About two months ago, I decided to try giving Opal homemade vegan meals for a week or two to see how it went. It was so easy to do and Opal loved the meals so much, we just made it a permanent change! I had done research in the past about feeding dogs vegan food. I hate processed dog food, there’s so many icky things in it, even in many of the natural brands. Plus, as a vegan myself, I didn’t like buying dog food products made with meat.
I wanted to share how I made the seamless transition to a plant based diet for Opal. It doesn’t take a lot of effort or money, and the effects are noticeable. I’ve also included the recipes to some of Opal’s favorite vegan meals!

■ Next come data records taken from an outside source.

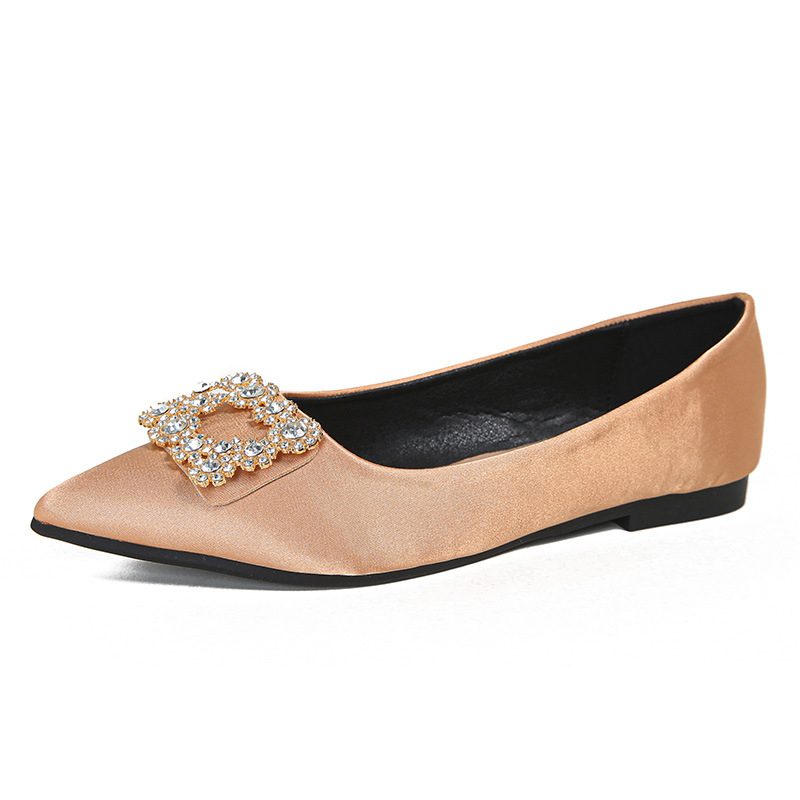 Dámske topánky s ostrým špičkou, mikrovláknový svršok, saténové detaily, nízky podpätok 1–3 cm, gumová podrážka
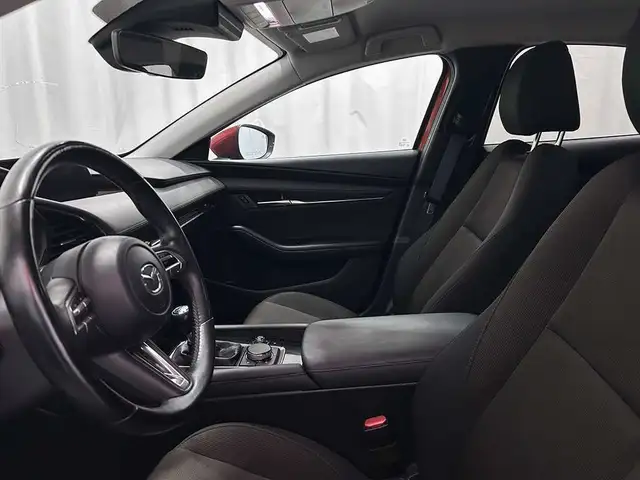 2019 Mazda Mazda3 GS - SIEGES CHAUFFANTS - VOLANT CHAUFFANT in Cars & Trucks in Québec City - Image 24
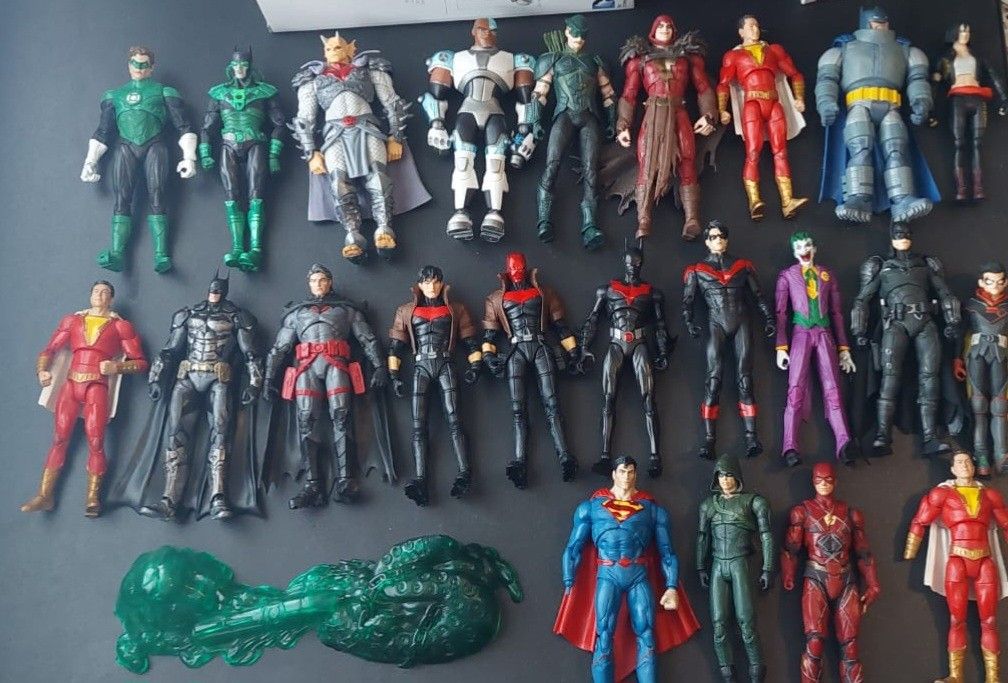 Mcfarlane Toys Action Figure And Card Lot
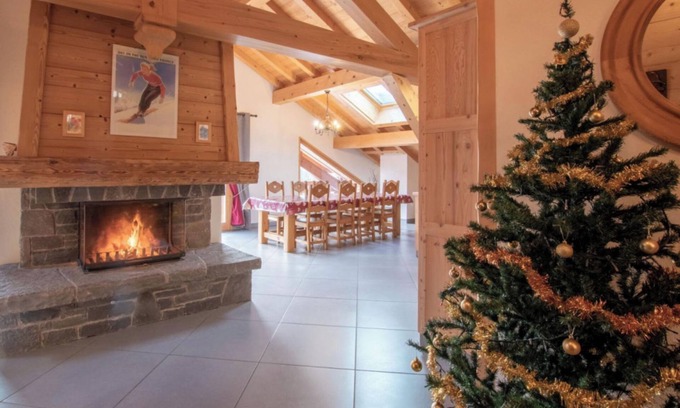 Taninges Apartment | Apartment 'Lou Betandy - 9 Pers' with Mountain View, Private Garden and Wi-Fi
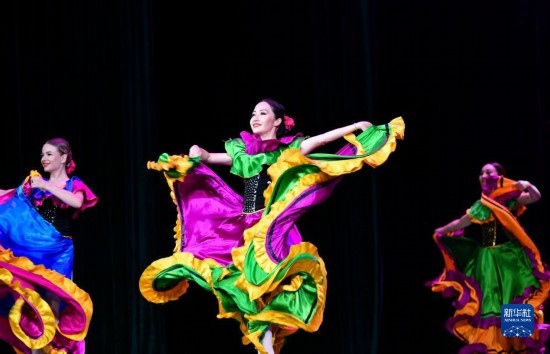 7月21日，哈薩克斯坦薩爾塔納國家舞蹈團的演員在演出。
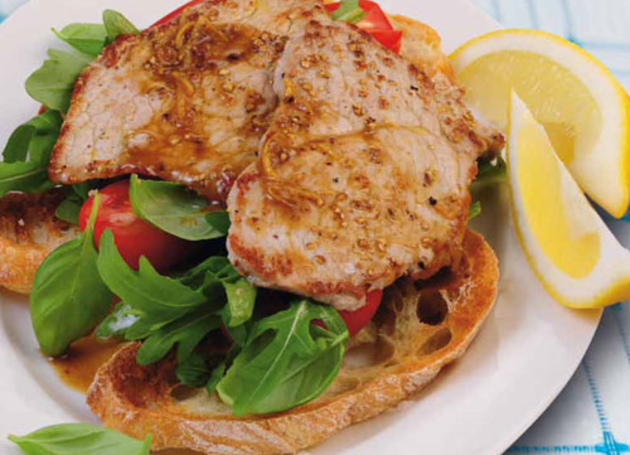 Scaloppine mit Rucola und Tomaten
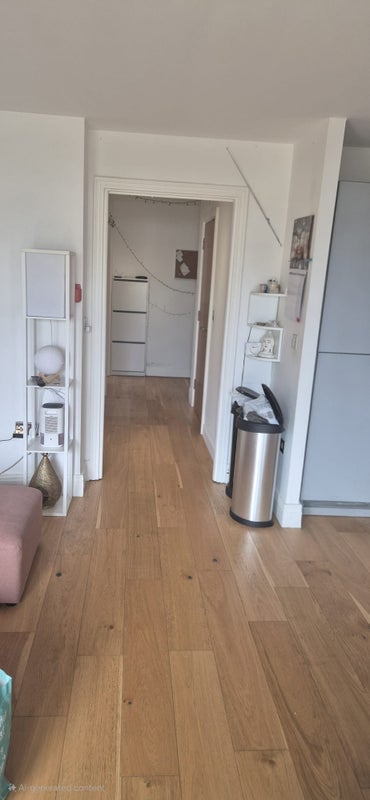 Room Erebus Drive in Greater London
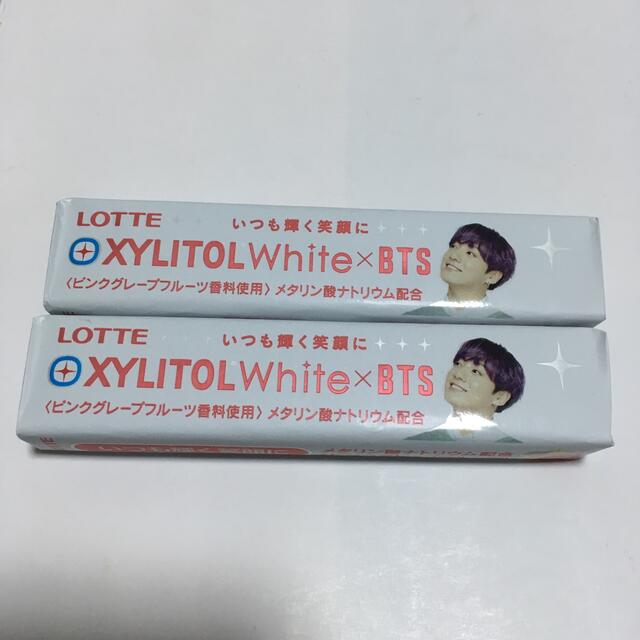 防弾少年団(BTS)(ボウダンショウネンダン)のbts ジョングク xylitol white ピンクグレープフルーツ ガム 食品/飲料/酒の食品(菓子/デザート)の商品写真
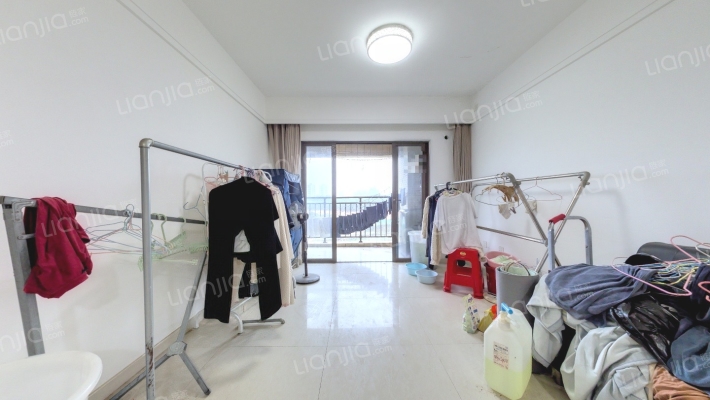 绿地城泊语湾二手房实景图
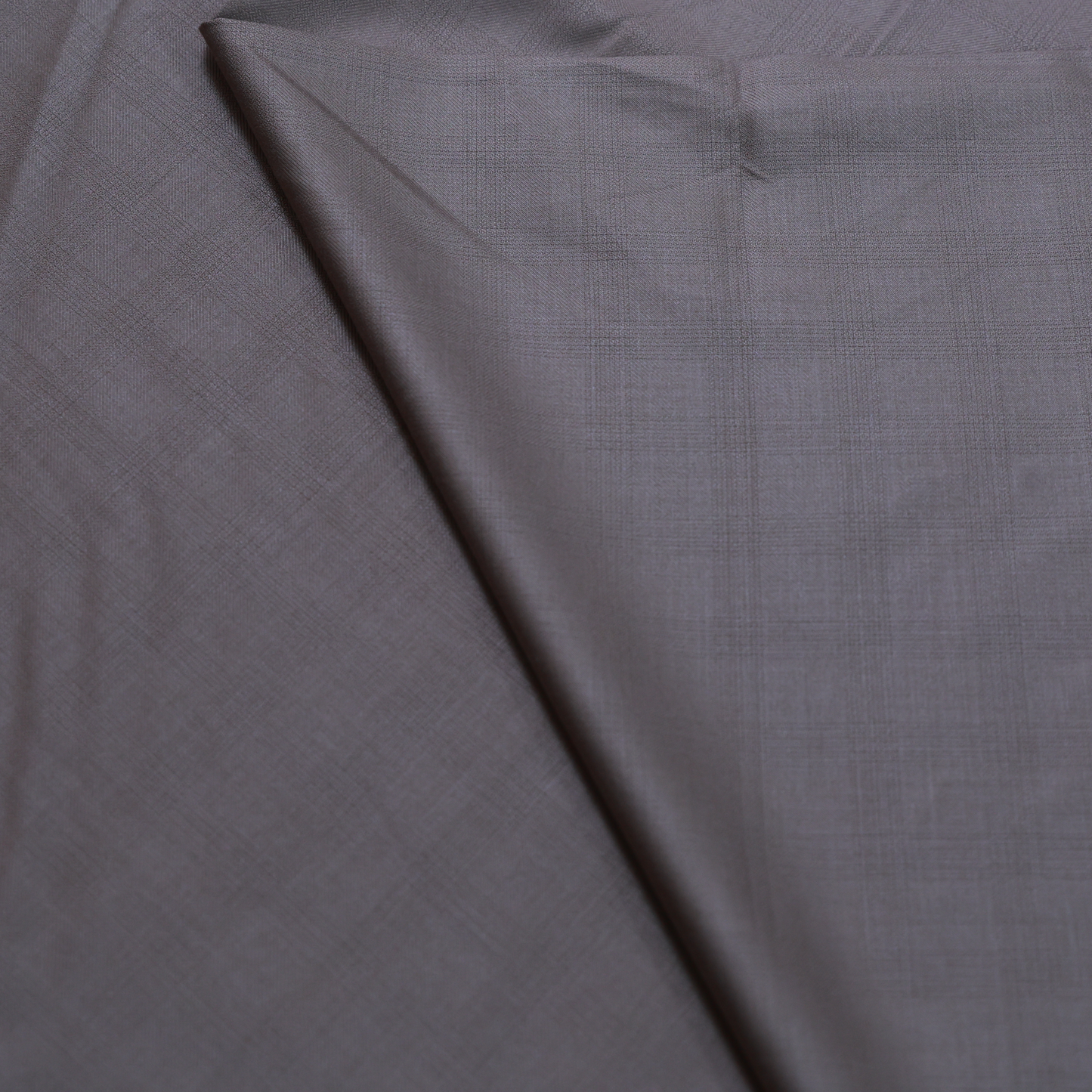 ITALIAN CHANNEL BROWN SELF SUITING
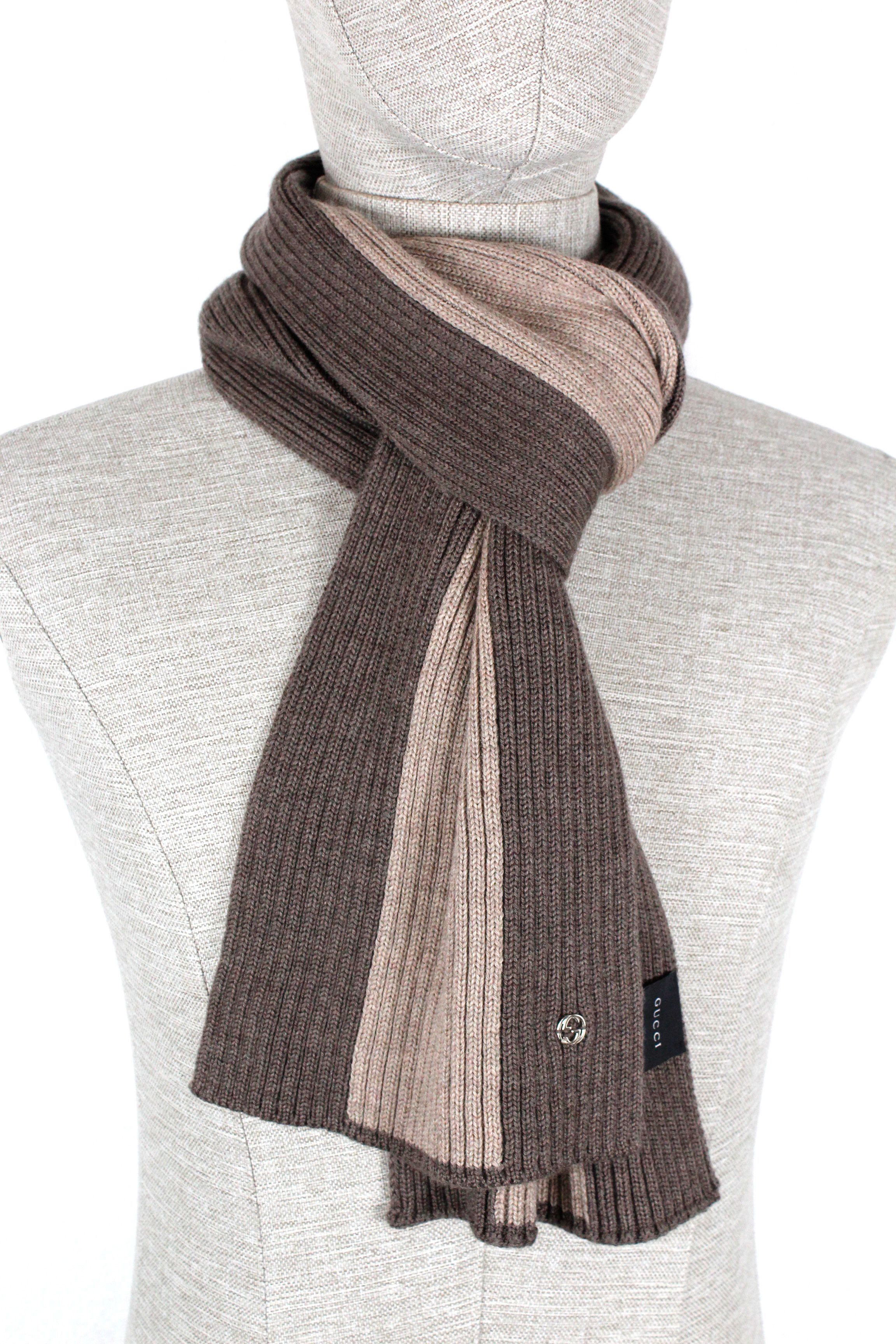 Gucci Gucci Logo Ribbed Wool Scarf Size ONE SIZE - 1 Thumbnail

I’ve been incorporating my own ingredients into Opal’s meals since I first brought her home. Because of injuries or wear or tear from being a stray, her front teeth are filed down, some all the way to the gum. So when she ate dog kibble, I had to soak it in water before I gave it to her. Along with that, I would mix in wet dog food, canned pumpkin, plain Greek yogurt, oatmeal, or brown rice. Then I learned that apple cider vinegar is a good homeopathic cure for mange. So I began sauteing organic frozen veggies in a little coconut oil, then pureeing them in a blender with some apple cider vinegar and adding it all to her dog kibble. I would also give her a good quality probiotic each day, opening up one capsule and mixing it into her breakfast.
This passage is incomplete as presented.